火の用心、カン、カンという、日本人では皆が知っている拍子。
地域の自警団や消防団が今でも行なっている見回り。
秋冬になり、そろそろ聞こえてくる季節だろう。
さて、これは「本所七不思議」の一つ、現代でいう東京都は墨田区に伝わる怪異である。。
江戸時代、墨田区の割下水(下水路のあったところ)付近を、「火の用心」と唱えながら夜回りをしていると、自分が鳴らしたはずの拍子木が同じ調子で繰り返して聞こえる。
はてと思い振り返るが、後ろには誰もいない。
しかし、拍子木はやはり自分の背後から、まるで自分を送っているかのように、自分の後に続いて響くのだった。
拍子木は、火の用心の他にも、様々な使われ方をされている。時には舞台などの出し物、時には祭事や神事、はたまた紙芝居や相撲など。

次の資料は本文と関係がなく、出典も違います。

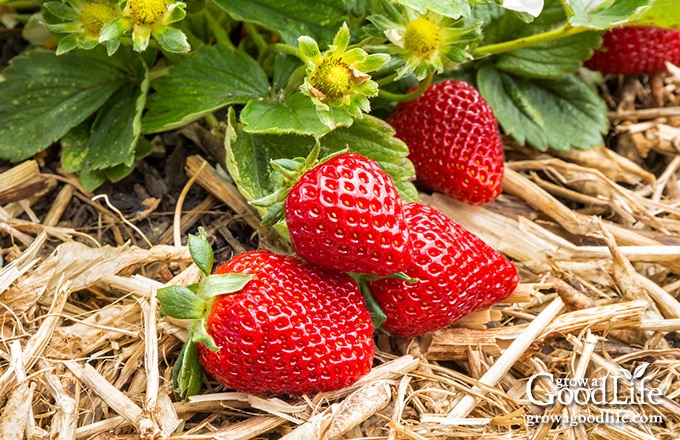 Ripe strawberries in the garden ready to pick.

だからそれこそ珍しい音でも珍しいものでもないのだが、通ずるのは、「誰かに向けての合図」であることだ。観客に、神様に、火の用心の時はもちろんその声が聞こえる家々に。
誰に向けられてもいない拍子木は、不気味だ。
道端で突然、「はい!プレゼント!」という声がして振り返っても誰もいない。
でも向き直すと明らかに自分の背中に向かって「はい!プレゼント!」とまた声がする。
それと同じことと思うと、心底、ゾッとする怪異である。。